Euro Growth Indicator

Euro Growth Indicator February 2016

 

Quarter 2014 :02 2014 :03 2014 :04 2015 :01 2015 :02 2015 :03 2015 :04 2016:01
Euro Growth Indicator 1.1 0.7 0.9 1.2 1.8 2.0 1.9 1.8
Eurostat 0.7 0.8 0.9 1.3 1.6 1.6    

 

 

Growth continues rather strong despite instability in the financial markets

by Paavo Suni

ETLA Helsinki

on February 4th, 2016

Euro area growth is expected to be rather strong in the 2015-2016 winter quarters, according to the EUROGROWTH Indicator calculated by the Euroframe group in February 2016. After 10-quarter-long slow growth period until the third quarter of 2015, the Indicator shows 0.6 per cent growth for the fourth quarter of 2015. The estimate is 0.1 percentage point lower than the estimate in January, while the 2016Q1 estimate is unchanged at 0.5 per cent. In year-on-year terms, the growth rates for the two forecast quarters are 1.9 and 1.8 per cent, respectively.

The rather strong forecast is based on strengthening impacts of consumer and construction surveys, which affect the Indicator with lags of one and five quarters, respectively. The contributions were fairly similar in January. Consumer spending has benefitted from the strong tail winds provided by higher real disposable incomes due to lower energy prices and rising employment.

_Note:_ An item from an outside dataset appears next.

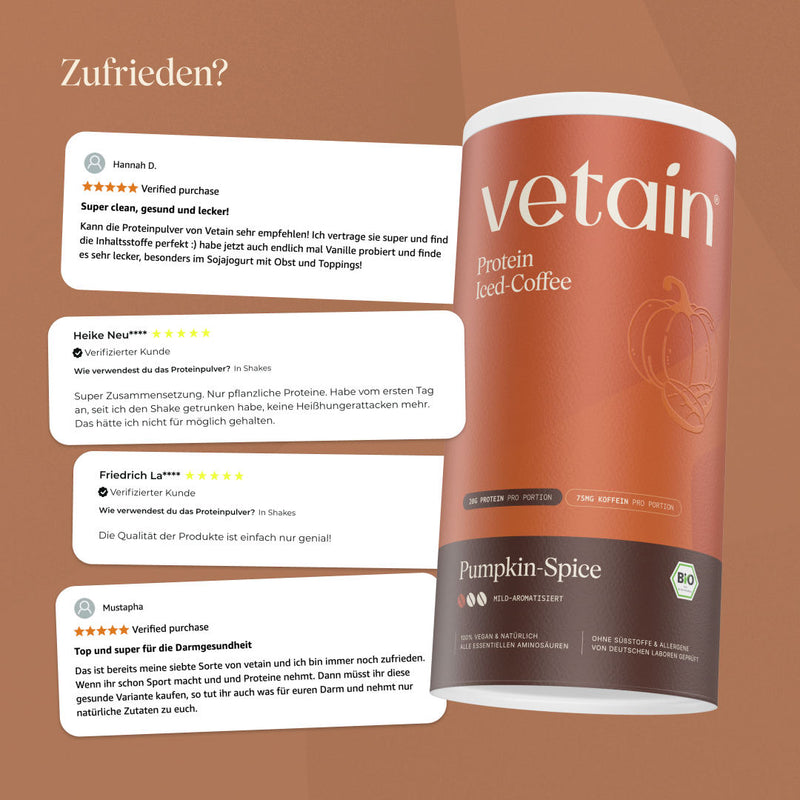 Vetain vegan Protein Iced-Coffee Pumkin-Spice. Glückliche Kund:innenbewertungen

The industry surveys affect the indicator coincidentally and with a rather large weight. The first quarter impact is based on estimation, which makes this contribution more sensitive to new information than the other contributions. The slow improvement in industry survey contribution stalled in the first quarter of 2016 and turned to a slight decline, probably reflecting the increased financial market turbulence in the turn of the year related to the deteriorated Chinese economic prospects.

The Indicator captures price competitiveness with the USD-euro real exchange rate with a lag of two quarters. Consequently, the weakening of the euro vis-à-vis the USD between spring 2014 and spring 2015 has boosted euro area growth until the third quarter of 2015, but the support has faded with the USD-euro rate having remained relatively stable since spring 2015.

The rather strong growth estimates, in general, are supported by an expected further alleviation of already loose monetary policy by the ECB, less restrictive fiscal policy and still lower energy prices.

All in all, the EUROGROWTH indicator predicts rather solid growth for the euro area for the winter 2015-2016 in spite of recent turbulence in the financial markets, related to uncertainty of the Chinese growth prospects. Obviously, the estimated first quarter industrial contribution may overestimate its true impact on the GDP growth.

Indicator methodology

The Euro Growth indicator forecasts the euro area GDP quarterly growth rate two quarters ahead of official statistics using a bridge regression. Regressors are chosen among survey data and financial data, i.e. series which are rapidly available and not revised. The monthly series are converted to a quarterly basis by averaging their monthly values. Series selection is conducted on an econometric basis starting from the set of monthly business and consumer survey results released by the European Commission: industry, construction, retail trade, services and consumers. From this large dataset, a few series are significant stemming from industry (production trend and expectation), construction (confidence indicator) and households surveys (major purchases). Two financial series are also significant, i.e. the growth rates of the real euro/dollar exchange rate and of a Euro area stock market index.

Some of these regressors are leading by at least two quarters, and may be used as such to forecast GDP growth. Some others are not leading or are leading with a lead which does not suit a two-quarter-ahead forecast horizon. These series have to be forecast, but over a short time-horizon which never exceeds four months. All these forecasts are implemented using monthly autoregressive equations.

The Euro Growth indicator is run each month, soon after the release of business and consumer survey results.